## Task to carry out
Pictures excluded, retype the lines from the one containing "Lampu taman antik" through the last line of the data below, both included.

## Available data

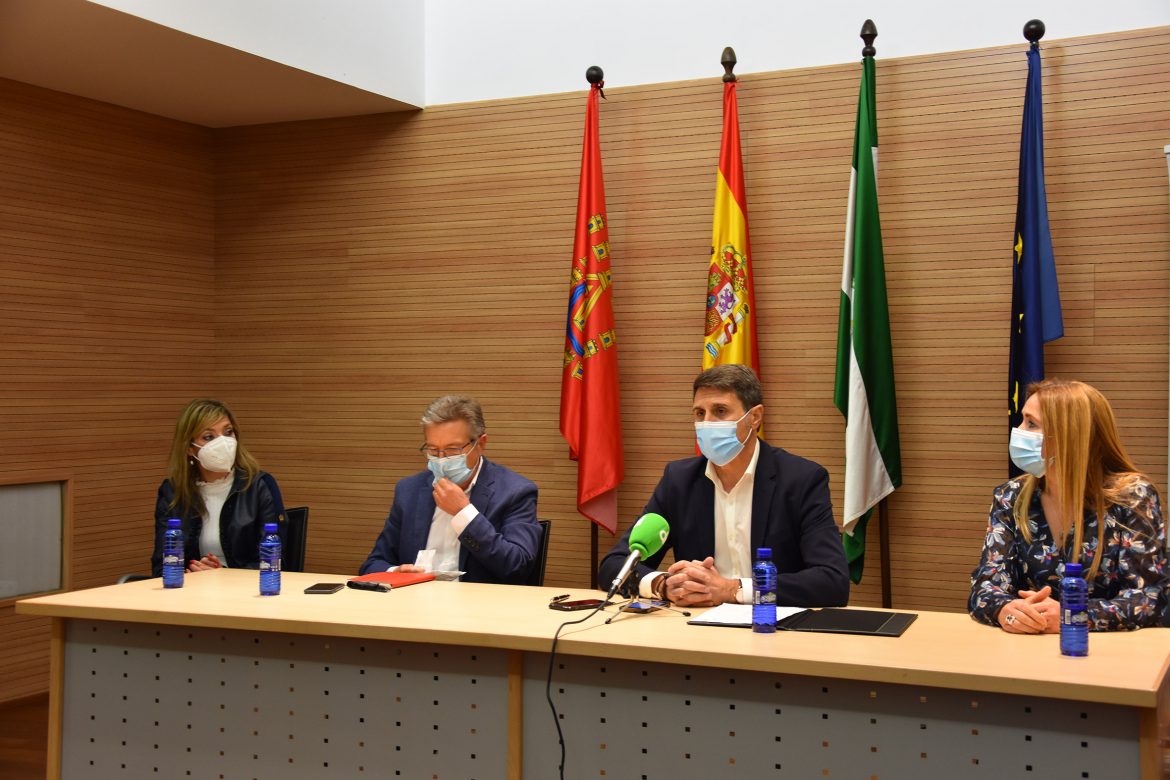 Pedro Fernández, informa de su renuncia a la alcaldía de Baza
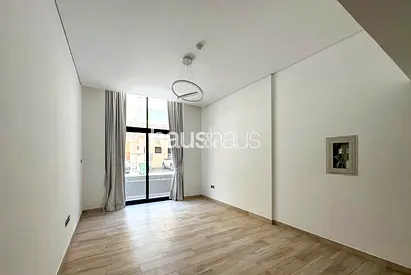 Large Layout | Modern | Prime Location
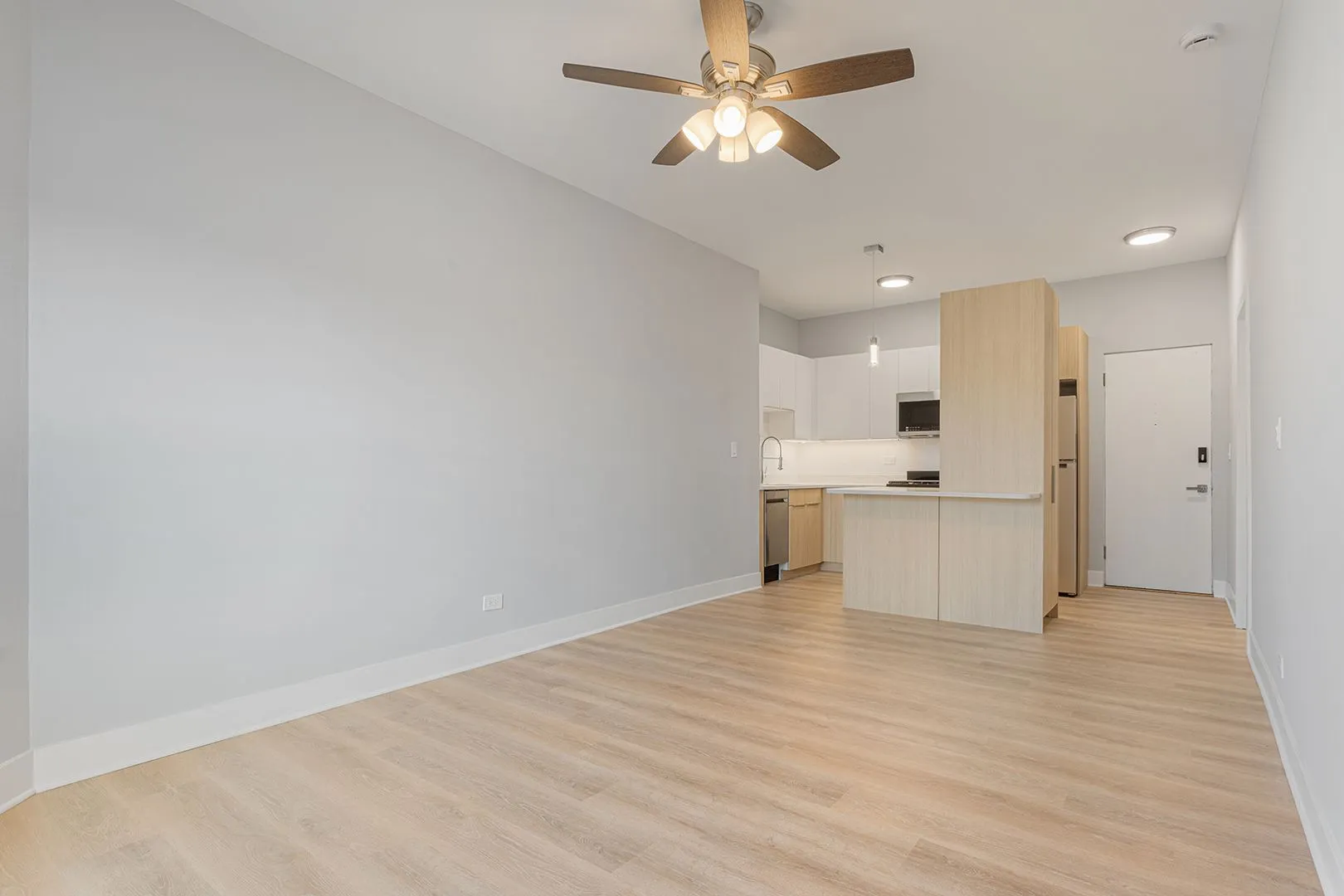 7600 N Sheridan Rd, ,  60626, USA 60626-unit#305-Chicago-IL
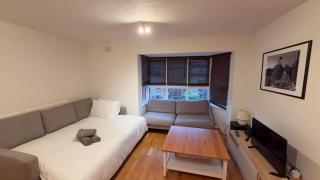 Remote Work Entire Flat 20min to Oxford St - Londra - 8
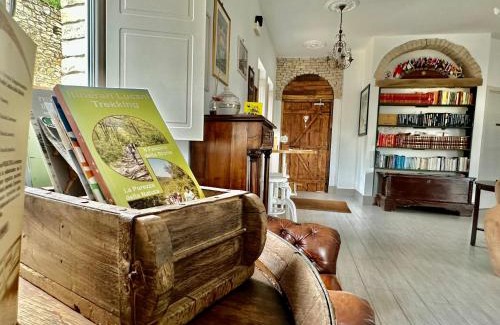 Potenza Bed & Breakfast | Charming Country B&B Piani del Mattino with Hot Tub & Dining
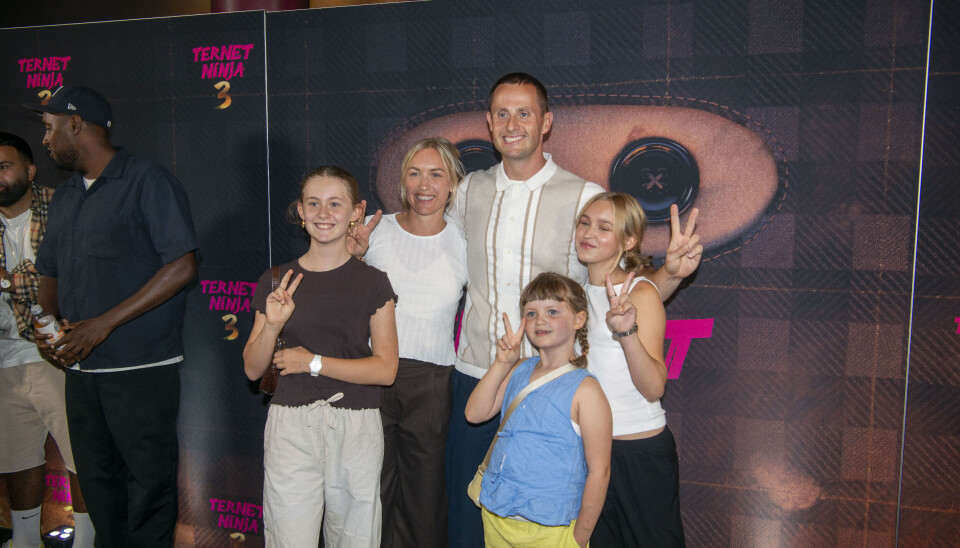 Benjamin Hav med familien til premieren på 'Ternet Ninja 3', hvor han er med på soundtracket.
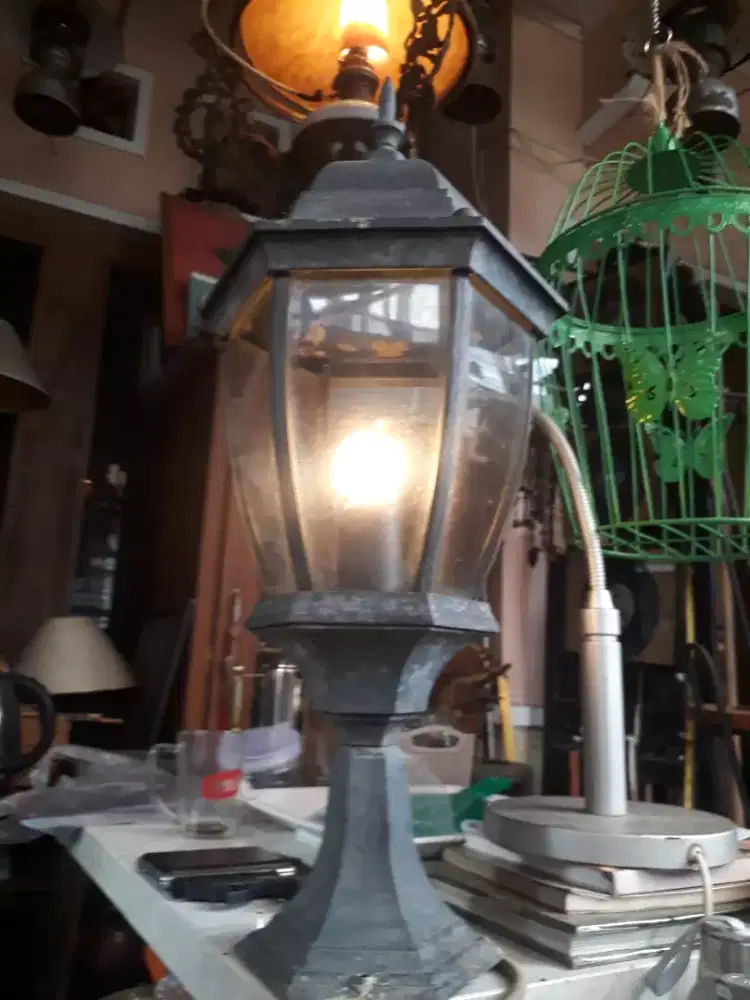 Lampu taman antik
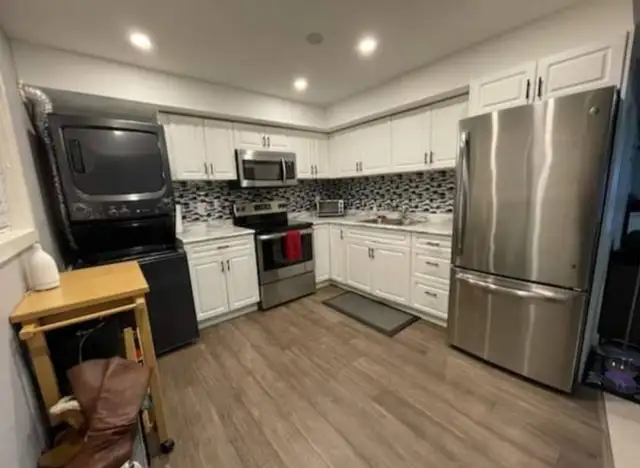 Spacious 1 Bed / 1 Bath Basement Suite - Photo 4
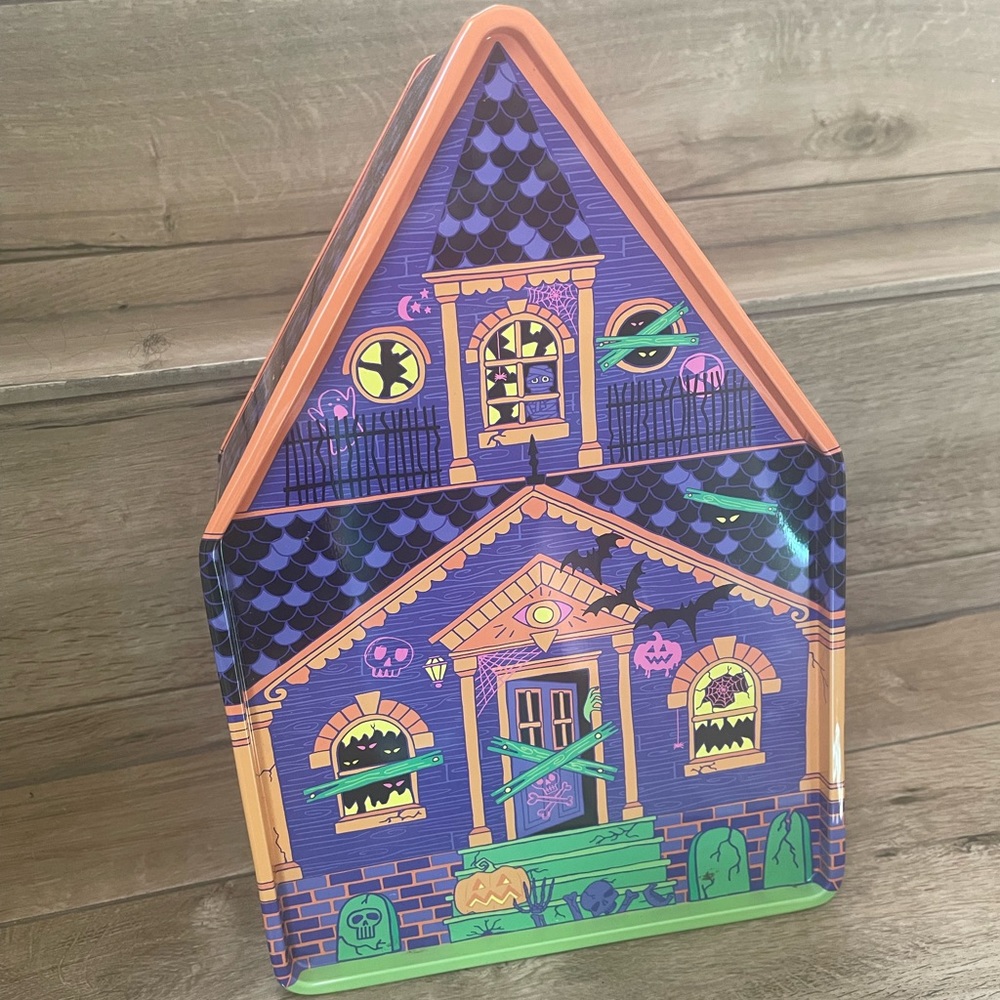 Lush Halloween tin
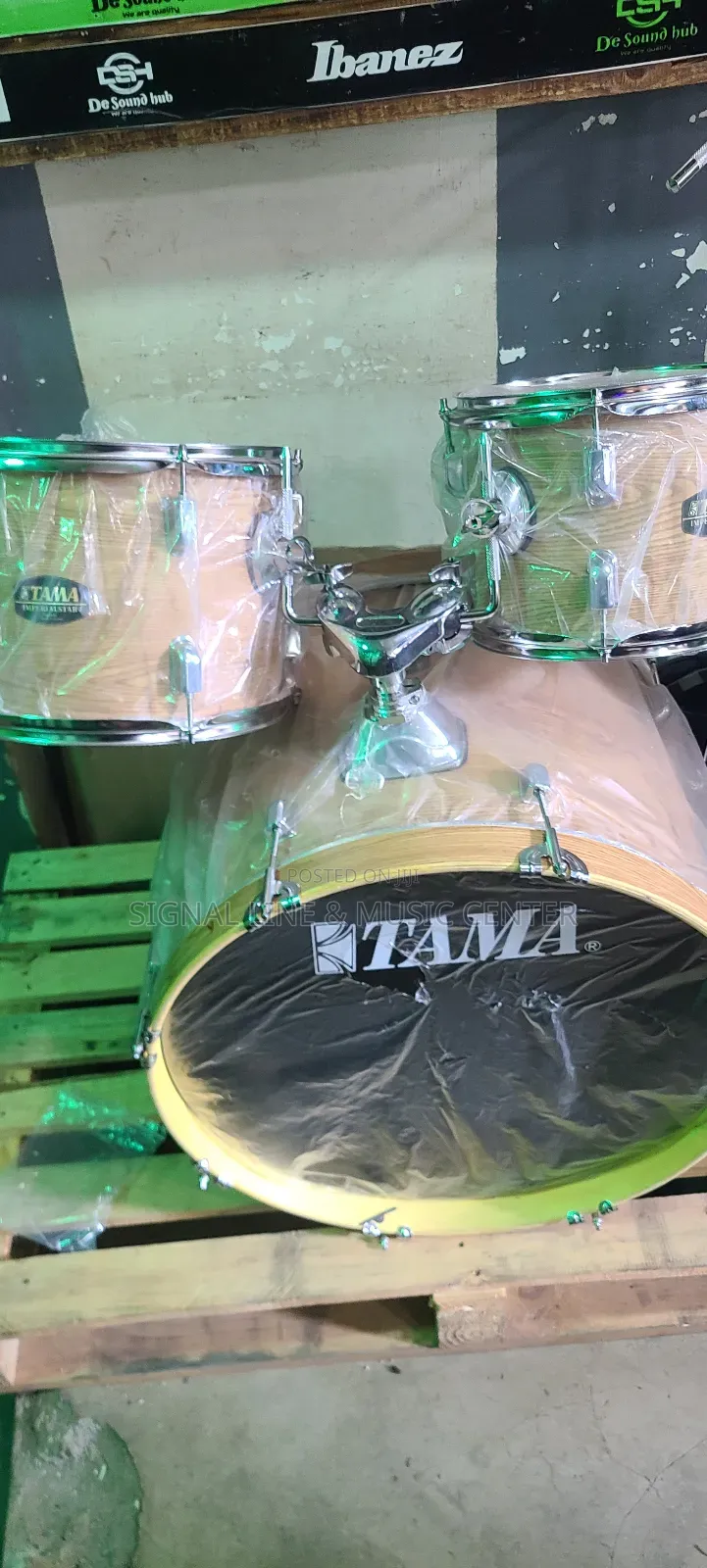 Tama Jazz Drum Band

## Exercise result
 Lampu taman antik
 Spacious 1 Bed / 1 Bath Basement Suite - Photo 4
 Lush Halloween tin
 Tama Jazz Drum Band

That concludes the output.